Caring for God’s Acre, the charity which promotes the conservation of burial sites, is supporting the Thomas Gray Anniversary Poetry Competition.

The Stoke Poges Society has held 3 poetry competitions in the run-up to the tercentenary of Gray’s birth. The theme this year is “Full many a flower is born to blush unseen”.

The entries to the Open Class will be judged by the poet, Daljit Nagra whose debut poetry collection “Look We Have Coming to Dover!” won the 2007 Forward Prize for Best First Collection and the South Bank Show Decibel Award. In October 2015, he was appointed the inaugural Poet in Residence for BBC Radio 4.

Daljit is looking forward to reading the entries. As he says, “Gray’s Elegy is fascinating for the way it opens portals for imaginative freedom. Entrants should feel inspired to see the modern world anew by the range of the many-angled quotation”.

School Class entries will be judged by Michael Meredith, formerly Head of English at Eton College where Thomas Gray was a pupil in the 18th century.

The closing date is Friday 24 June at midnight. For the full set of rules and more information, please visit the website: www.thomasgray2016.org/poetry-competition.
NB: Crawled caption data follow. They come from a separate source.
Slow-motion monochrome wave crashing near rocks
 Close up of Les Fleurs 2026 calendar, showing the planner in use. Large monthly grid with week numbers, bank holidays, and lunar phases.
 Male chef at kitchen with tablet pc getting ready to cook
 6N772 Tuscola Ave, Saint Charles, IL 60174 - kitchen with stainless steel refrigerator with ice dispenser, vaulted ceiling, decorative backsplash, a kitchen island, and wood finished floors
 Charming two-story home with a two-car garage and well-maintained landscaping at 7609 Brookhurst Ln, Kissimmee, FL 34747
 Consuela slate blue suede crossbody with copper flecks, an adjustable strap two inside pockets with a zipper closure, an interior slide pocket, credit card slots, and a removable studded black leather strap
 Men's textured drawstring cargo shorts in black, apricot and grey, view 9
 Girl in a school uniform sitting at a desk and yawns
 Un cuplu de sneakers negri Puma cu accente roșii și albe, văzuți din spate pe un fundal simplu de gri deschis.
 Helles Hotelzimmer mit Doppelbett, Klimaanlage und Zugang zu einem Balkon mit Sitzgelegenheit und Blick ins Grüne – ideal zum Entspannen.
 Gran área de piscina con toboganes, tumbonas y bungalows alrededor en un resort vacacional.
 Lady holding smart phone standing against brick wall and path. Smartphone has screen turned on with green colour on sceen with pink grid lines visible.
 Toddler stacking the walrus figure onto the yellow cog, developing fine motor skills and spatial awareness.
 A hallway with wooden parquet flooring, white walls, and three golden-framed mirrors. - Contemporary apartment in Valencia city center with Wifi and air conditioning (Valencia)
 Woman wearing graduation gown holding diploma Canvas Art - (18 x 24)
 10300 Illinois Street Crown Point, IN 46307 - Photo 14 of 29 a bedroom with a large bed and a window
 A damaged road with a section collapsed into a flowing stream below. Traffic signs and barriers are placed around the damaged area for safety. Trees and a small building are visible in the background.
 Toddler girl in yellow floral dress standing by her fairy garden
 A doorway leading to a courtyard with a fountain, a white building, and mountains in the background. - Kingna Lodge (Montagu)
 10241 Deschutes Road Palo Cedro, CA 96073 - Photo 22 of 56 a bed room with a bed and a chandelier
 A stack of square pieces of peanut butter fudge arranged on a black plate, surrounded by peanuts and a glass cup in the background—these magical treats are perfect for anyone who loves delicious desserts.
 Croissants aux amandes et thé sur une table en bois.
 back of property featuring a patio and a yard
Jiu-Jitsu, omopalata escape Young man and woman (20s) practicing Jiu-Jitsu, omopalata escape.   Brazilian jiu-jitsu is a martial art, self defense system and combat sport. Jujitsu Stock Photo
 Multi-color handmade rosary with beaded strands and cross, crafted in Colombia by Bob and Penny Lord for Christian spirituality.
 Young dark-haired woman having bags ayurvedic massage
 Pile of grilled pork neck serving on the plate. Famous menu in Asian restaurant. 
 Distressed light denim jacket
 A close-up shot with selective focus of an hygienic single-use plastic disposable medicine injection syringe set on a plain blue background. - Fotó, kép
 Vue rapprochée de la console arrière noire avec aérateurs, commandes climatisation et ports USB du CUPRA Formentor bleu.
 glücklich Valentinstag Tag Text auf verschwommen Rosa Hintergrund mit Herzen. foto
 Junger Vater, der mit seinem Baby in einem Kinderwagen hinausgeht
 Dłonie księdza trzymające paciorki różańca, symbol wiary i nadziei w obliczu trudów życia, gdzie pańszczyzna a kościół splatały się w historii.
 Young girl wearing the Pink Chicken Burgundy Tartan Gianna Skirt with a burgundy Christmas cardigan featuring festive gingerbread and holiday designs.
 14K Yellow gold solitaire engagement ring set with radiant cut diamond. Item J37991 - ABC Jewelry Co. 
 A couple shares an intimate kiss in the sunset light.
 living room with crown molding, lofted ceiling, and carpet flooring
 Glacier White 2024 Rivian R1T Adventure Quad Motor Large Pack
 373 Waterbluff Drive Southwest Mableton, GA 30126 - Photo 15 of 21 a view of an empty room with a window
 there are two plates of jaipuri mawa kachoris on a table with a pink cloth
The Thomas Gray 2016 project was inaugurated by the Stoke Poges Society in 2011 with the specific aim of restoring Thomas Gray’s tomb and monument. The tomb in the churchyard of St Giles, Stoke Poges, where Thomas Gray was buried in 1771, was restored in 2013 as part of the anniversary project. The Society, founded in 2009, exists to nurture an interest in the history of the village and its surroundings and organises a programme of events, talks and visits, walks and members’ evenings.